As part of the NHL’s Stanley Cup Final Media Day in Los Angeles, here are comments from New York Rangers General Manager Glen Sather and Head Coach Alain Vigneault…
Q. Alain, do you think your time in Vancouver helps you in terms of familiarity with this team?
VIGNEAULT: Well, it’s definitely a team that I know real well. Played against them for seven years. Had a couple of playoff rounds against them. It’s a team that obviously has grown through the years. It has a real good balance. That’s why they’re getting another chance to compete for the Cup.
Q. Glen, it’s been a while since you’ve been a GM of a team that’s got this far. Did you ever wonder whether you’d have another crack at a Stanley Cup?
SATHER: We’re fortunate to be here. Anybody’s fortunate to be in this position. It’s not every team in the league that gets a chance to play for the Stanley Cup. I’ve been around for a little while, couple years. I know what it’s like. I know how hard it is to get here. We’re appreciative of the opportunity.
Q. Glen, when you traded Ryan Callahan, how much did you take into account the leadership core that was already in place on this team?
SATHER: Well, first of all, the opportunity to make the deal was something that we were probably fortunate to get involved with. I knew that when we got Marty that he would be a strong leader in his own right. It’s difficult to trade anyone. Ryan was a good player. He was a great player for us for a long time. I think everyone knows the story that his contract was up and it was difficult to get anything done.

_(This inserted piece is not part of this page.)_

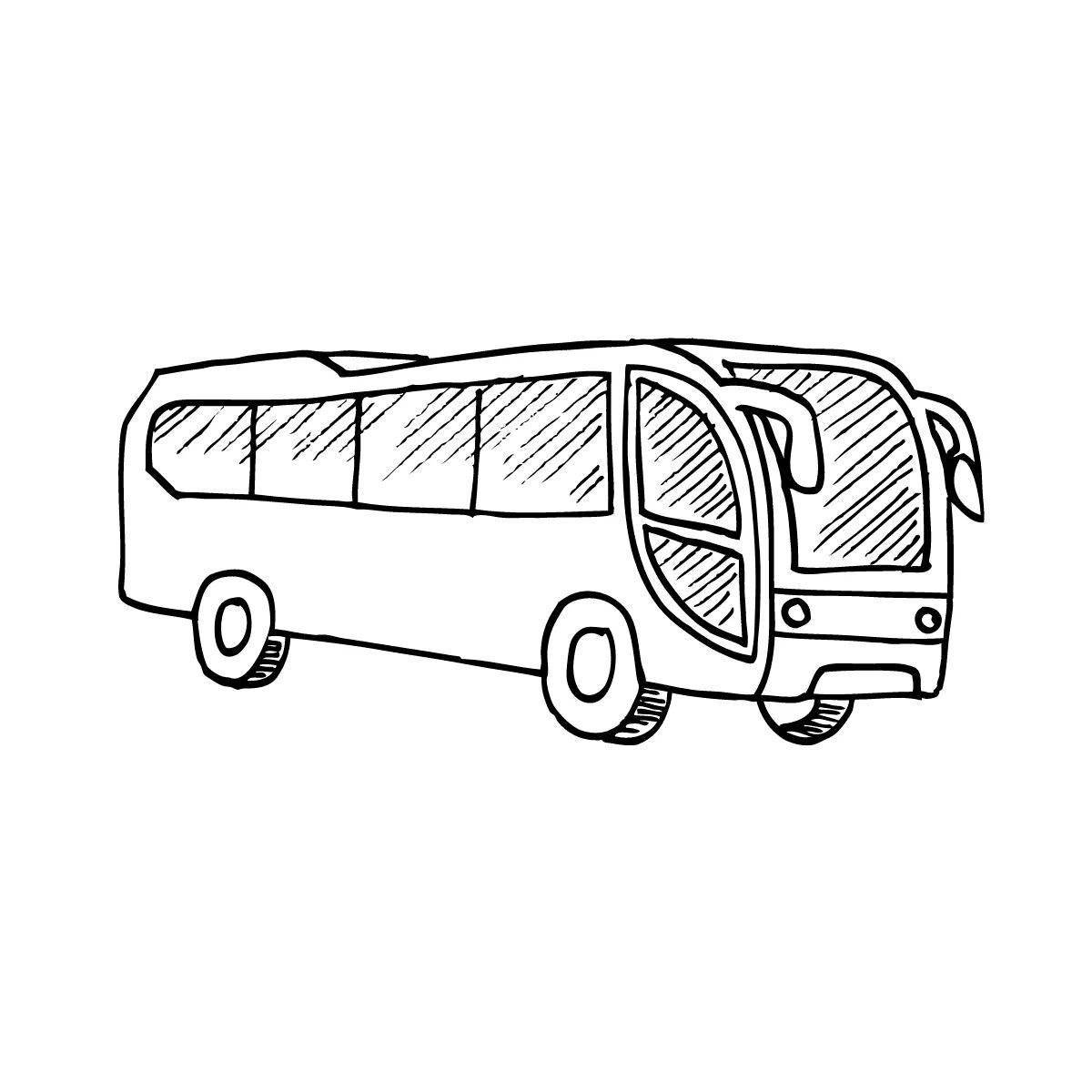 Coloring page for a spectacular electric bus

So it was a good chance to get a good player like Marty. We knew that leadership internally on the team was strong. It was a bit of a chance, but it certainly worked out well.
Q. Glen, is there any sort of sense of personal satisfaction for you getting here? Some of your tenure in New York has been a little bit rocky in terms of how you’ve been perceived. Do you take any personal satisfaction out of this?
SATHER: I don’t think it’s been rocky. Every year there’s only two teams that fight for the Stanley Cup and there’s one that wins. It takes time to get in this position. Anyone that’s been in the hockey business knows what it can be like, and it’s complicated. I don’t see any great personal satisfaction. I’m satisfied that the team is here. I think the job is partly done. We know that we’re up against great forwards, great defense and great goaltending, so it’s going to be tough.
Q. Glen, I don’t expect Alain to be able to speak to this, but can you sum up why it’s worked with Alain. Why it worked or didn’t work there at the end with John?
SATHER: He’s obviously a very good coach. I’ve known a lot about his history. I can’t make a comment why it didn’t work. It did work with Torts for a while. I’m glad the opportunity was there to make a deal. We’ve had nothing but fun with each other. We continue to do it. It’s been a good relationship. Coaches sometimes run out of time wherever they are.
VIGNEAULT: I don’t agree with that, but that’s all right.
SATHER: You mean the good part or the bad part (laughter)? It’s like you start trying to train your kids. They get tired of listening to you after a while. I went through it myself and everything for 10 years. If it was easy, I could fire myself.
Q. I know it’s not foremost in your mind, but you face a decision with Brad Richards pretty soon afterwards. Must be a difficult decision to make. Have you come to a decision?
SATHER: I’ve thought about it a lot. But it’s not something that we’re thinking about right now. We’re focused on what we’re doing, what the team is doing, how we’re going to play, who we’re playing against. Certainly haven’t thought much about it lately. But that decision will come in the summer. It’s like all the decisions, we’ve got lots of free agents to sign. We’re happy with the way it is right now.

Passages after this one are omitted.